Join Avon for Free Now

Hey everyone, here's another Avon post.  I was not compensated to post this, however, my best friend And Mommy Makes 3 is a representative for Avon so I have blogged quite a bit about it.  Right now you can sign up for 100% free (it's normally $10).  Check it out!



For a Limited Time – JOIN AVON FREE!

You read that right! There is absolutely no charge to join. Whether you want to create some extra income for yourself by becoming a representative or if you’d like to open your own account to shop for yourself with a personal discount, Christine Fretwell can get you going for no cost at all.

Included right now, you will also receive your “New Rep Kit” completely free, and be eligible for a Beautiful set of Sterling Silver Jewelry, free with your first order!

For more details and to get this deal, contact Christine Fretwell at crfretwell@gmail.com You can also find her on “Facebook."

Christine can help anyone, anywhere in Canada start their own business, save on personal purchases and reach their dreams.
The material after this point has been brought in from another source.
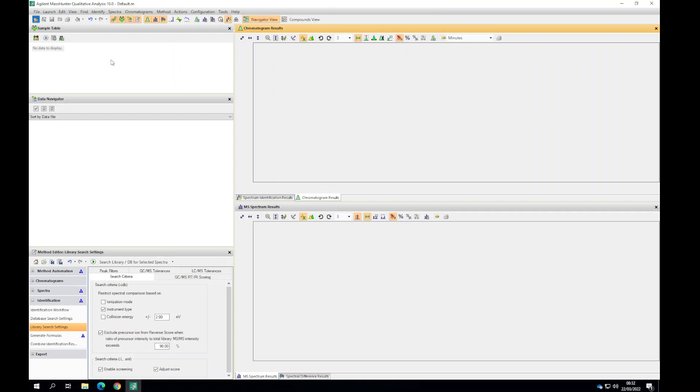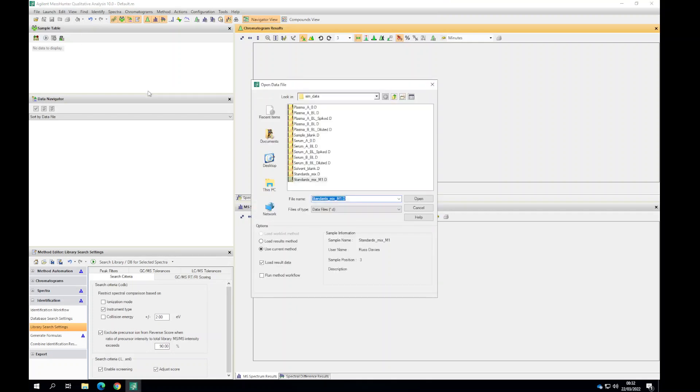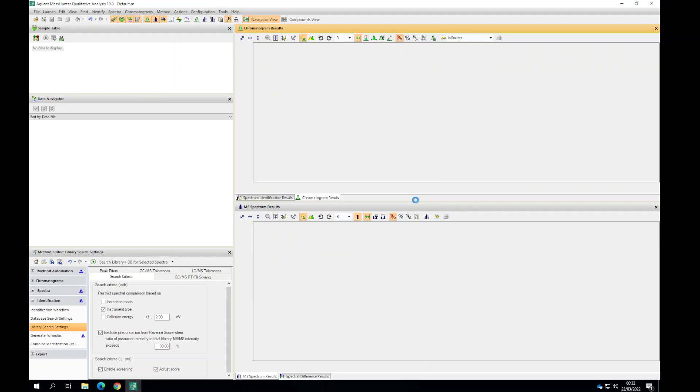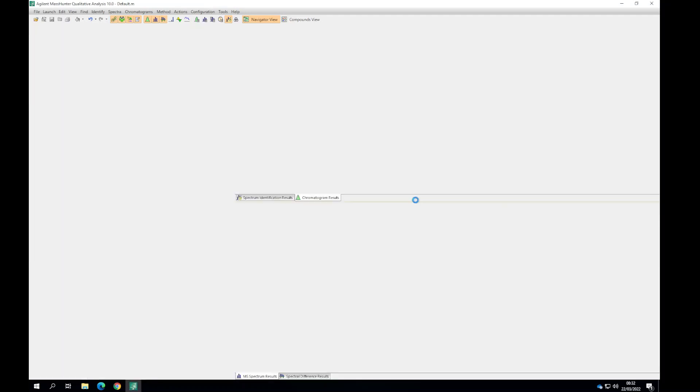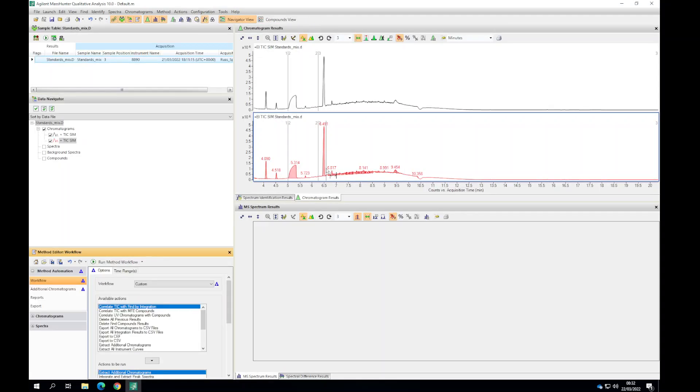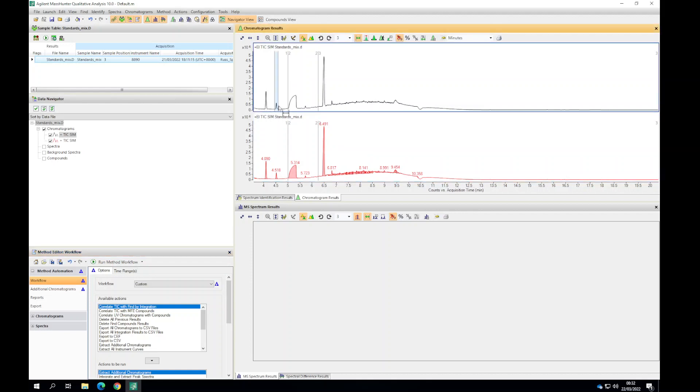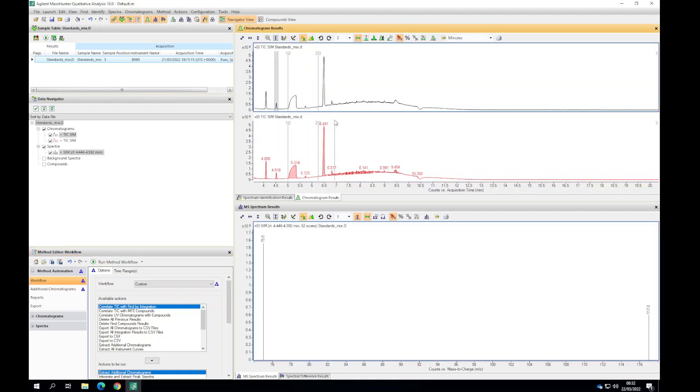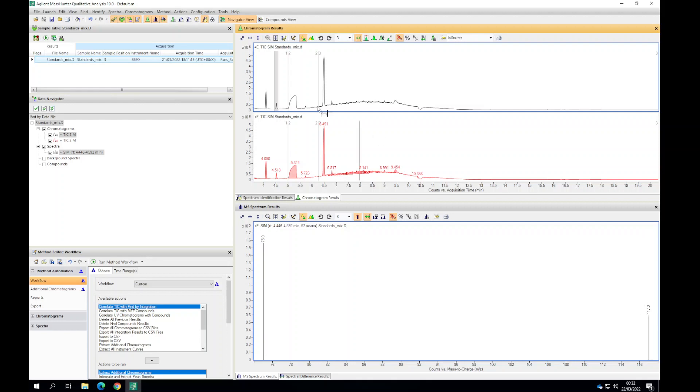We're going to look at some single ion monitoring data. From our full scan data we created a method using the qualifier ions for our different analytes. In this case we created an acetic acid TMS derivative method where we're only looking for 75 and 117 ions.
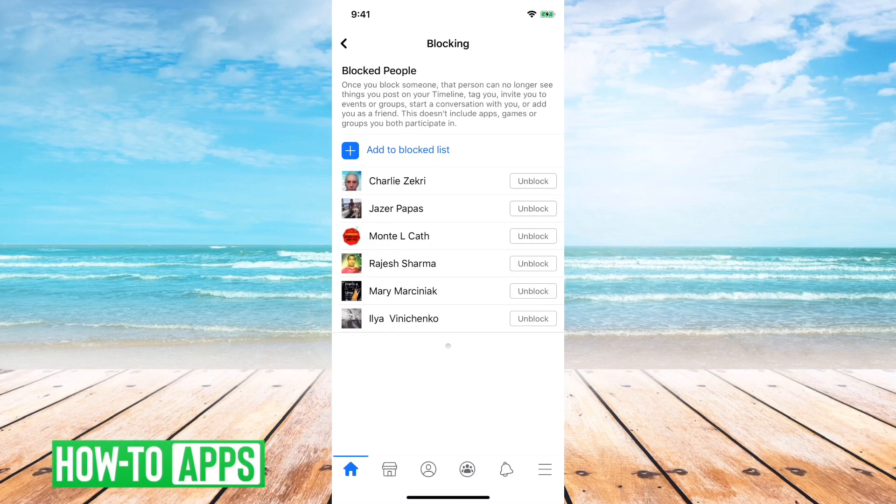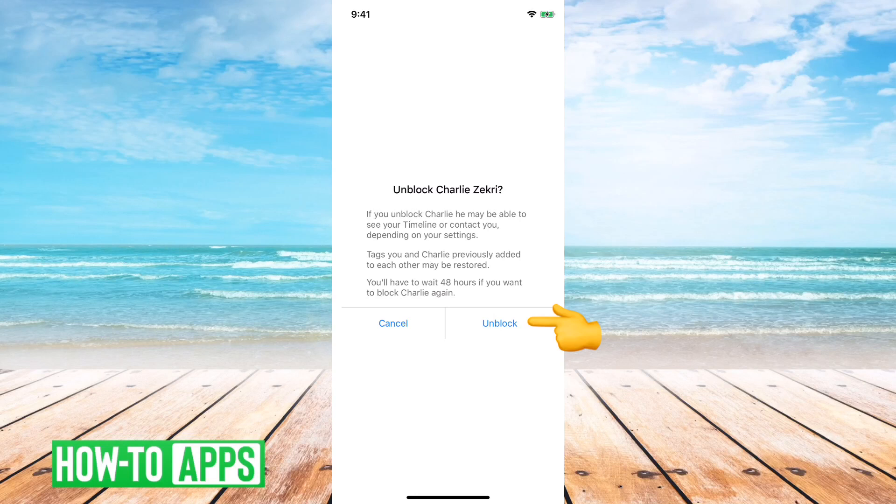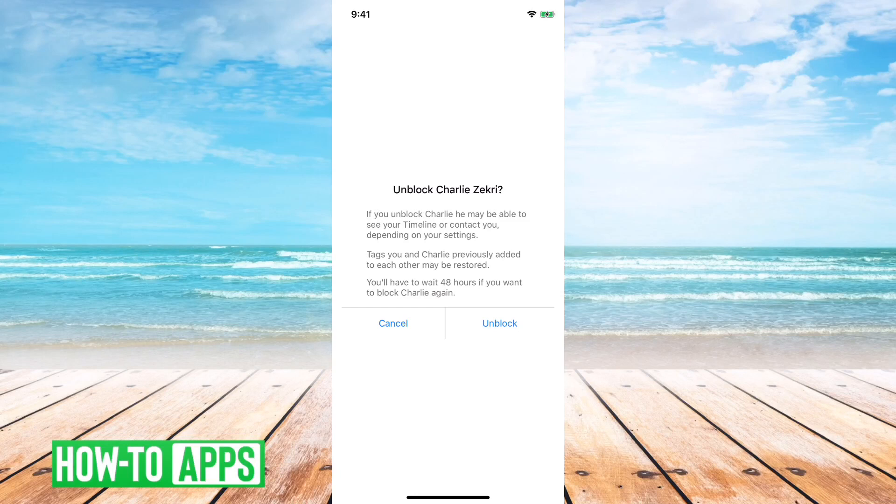So I can go through here, tap unblock, and then it will say are you sure you want to unblock this person? You have to wait 48 hours if you want to block them again. So Facebook kind of doesn't let you block and unblock people constantly back and forth without waiting a little bit of time.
All for free.

Mention “Aias.ca” when you contact her and she’s also going to throw in a special gift for you when you join for free!

Some things you might not know:

- Avon Canada is celebrating 100 years – so the deals for reps right now are endless.
- Avon sells 4 lipsticks every second globally.
- Avon’s Representatives are not required to host parties or carry any inventory.
- Avon has no pressuring quotas, but lots of perks when you do go above and beyond.
- Save BIG on all of your own purchases and earn up to 50% on everything you sell.